Si è pure sottolineata la contraddizione insita nel ragionamento condotto dal giudice d’appello il quale, dopo aver ritenuto esistente la violazione dell’obbligo di verifica di cui sopra, ha attribuito rilievo all’obbligo di controllo e governo delle fonti di pericolo, inferendo la consapevolezza delle trasgressioni del datore di lavoro sulla scorta di due fatti (lo svolgimento dei lavori in due distinte fasi, a causa della sospensione, e la previsione nel contratto d’appalto della sola prima fase di costruzione della struttura portante), alla luce dei quali risulterebbe dimostrato che la ripresa dei lavori il 15/06/07 era stata concordata con la committenza e che, quindi, era stato sostanzialmente concluso un nuovo contratto di appalto.
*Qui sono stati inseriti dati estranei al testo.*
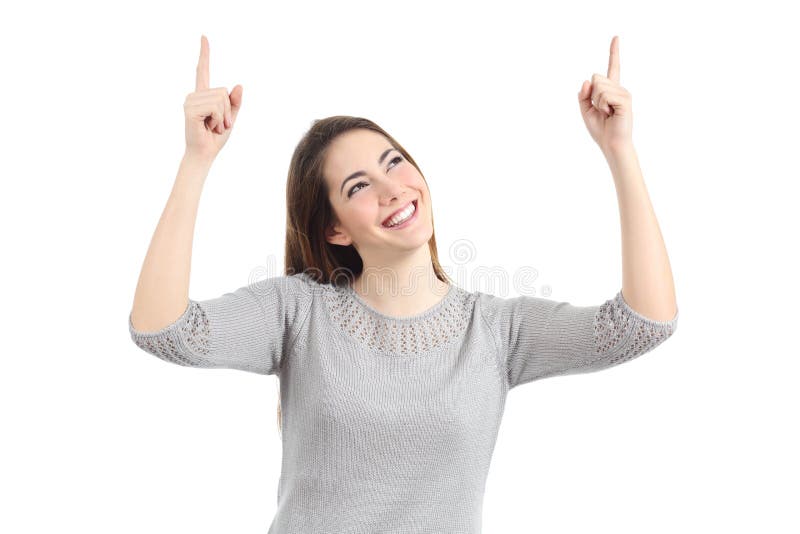 Happy woman pointing up with both hands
A tali argomenti la difesa dei due imputati ha aggiunto ulteriori osservazioni, rilevando che al committente può attribuirsi solo un ruolo di super controllo, consistente nella verifica che il coordinatore adempia agli obblighi su di esso incombenti, senza però che in tale obbligo possa ricondursi anche un dovere di verifica e controllo sull’impresa esecutrice, esercitabile attraverso poteri di inibizione e/o sospensione e addirittura di imposizione di tempi e modalità di allestimento delle misure prevenzionali mancanti.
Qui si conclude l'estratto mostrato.